Today, hip-hop is as polarizing as ever. Misogynist lyrics abound, but there are also people like Macklemore rapping about marriage equality. Frank Ocean came out very publicly and asked the hip-hop community to be more inclusive of gay people. And then there’s Thee Satisfaction – an incredibly rad black lesbian hip-hop duo who are playing the big festival circuit and cracking jokes about being bicurious in their songs. I guess what I really want to get at here is that we can nail everyone who says something lame, or we can try to get to the heart of the matter, educating and having difficult conversations. Be willing to forgive and move forward. No one is born knowing the language of oppression, and everyone’s at different places in their journey to figure out how to be a good citizen, friend, person. It’s alright if you don’t know all the right words, or even if you were taught some terrible hateful things that you have to unlearn, as long as you’re willing to listen, consider new perspectives, grow and change.

“I want to say a little something that’s long overdue / The disrespect to women has got to be through / To all the mothers and the sisters and the wives and friends / I want to offer my love and respect to the end.”

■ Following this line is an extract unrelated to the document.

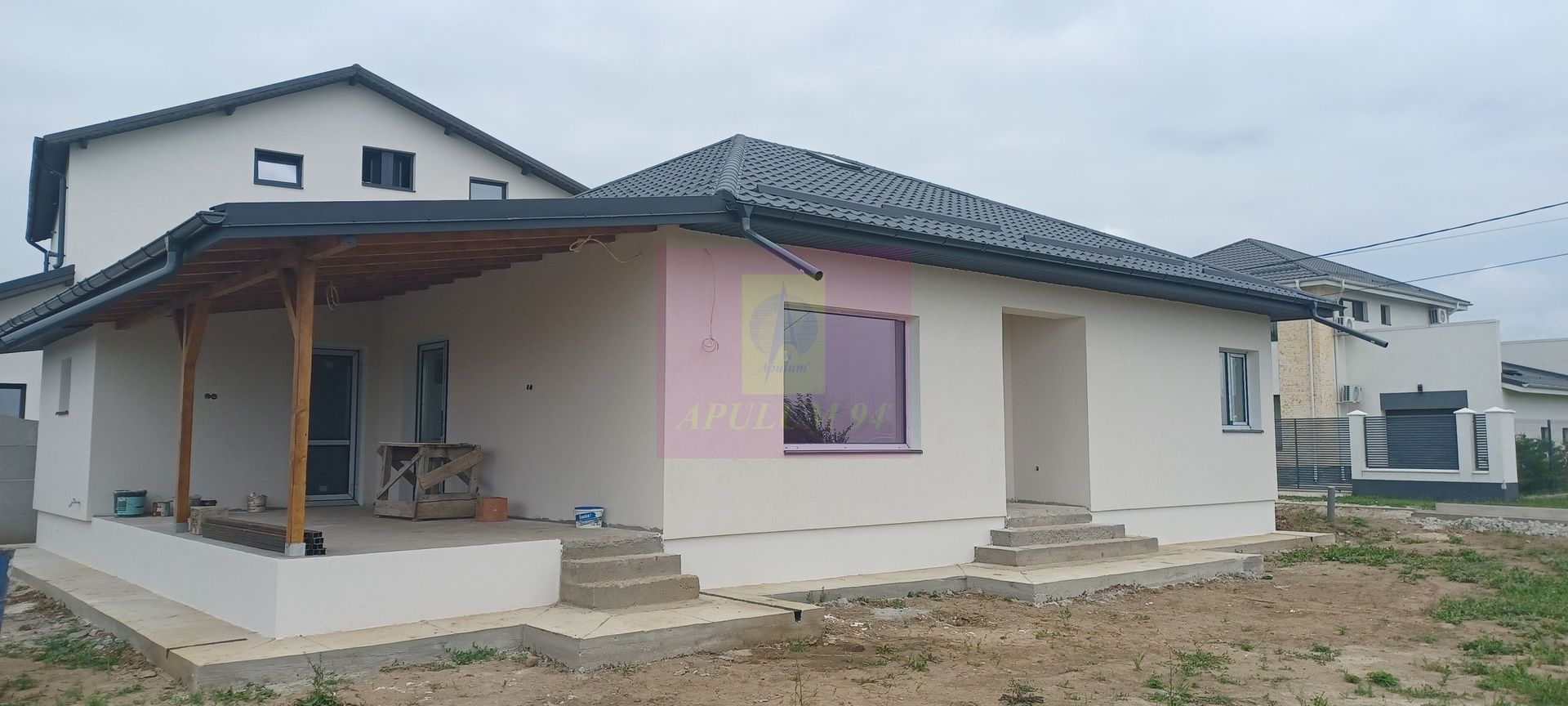 Săbăreni, casă nouă parter 137 mp, curte 400 mp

Crass – “Systematic Death”

I love Crass like burning. I love their DIY ethos, their graffiti campaigns, their critical nature and their commitment to so many diverse causes while still being anti-militant. The entire Penis Envy album was completely revolutionary, but this song is probably the lynchpin. It runs chronologically through the lives of a man and woman who are being socially conditioned from birth to death, showing how systematic indoctrination in schools, work, and society in general leads people to spin their wheels. The couple act in predetermined gender-specific ways, never questioning the path that’s been laid out before them, and eventually they become complacent and apathetic. I definitely don’t think that’s everyone or that it’s unavoidable, but I won’t lie and say it’s not the norm. I’m sure that plenty of people have really fulfilling lives in the suburbs, love their families, do jobs that they’re passionate about – I just don’t know many of them. There’s a darker malady under the surface. I definitely think that tons of folks are disenchanted with the rat race and the idea of 2.2 kids and a picket fence, but they’ve stopped inventing other alternatives and options for themselves. It’s hard to see outside of the fishbowl. You get tired, and it’s easy to numb yourself with TV and cocktail hours and look forward to that one week of vacation. It’s easy, but it’s no way to live. In order to live a deeply considered, accountable life, it’s crucial to at least examine the status quo closely, not just take it at face value.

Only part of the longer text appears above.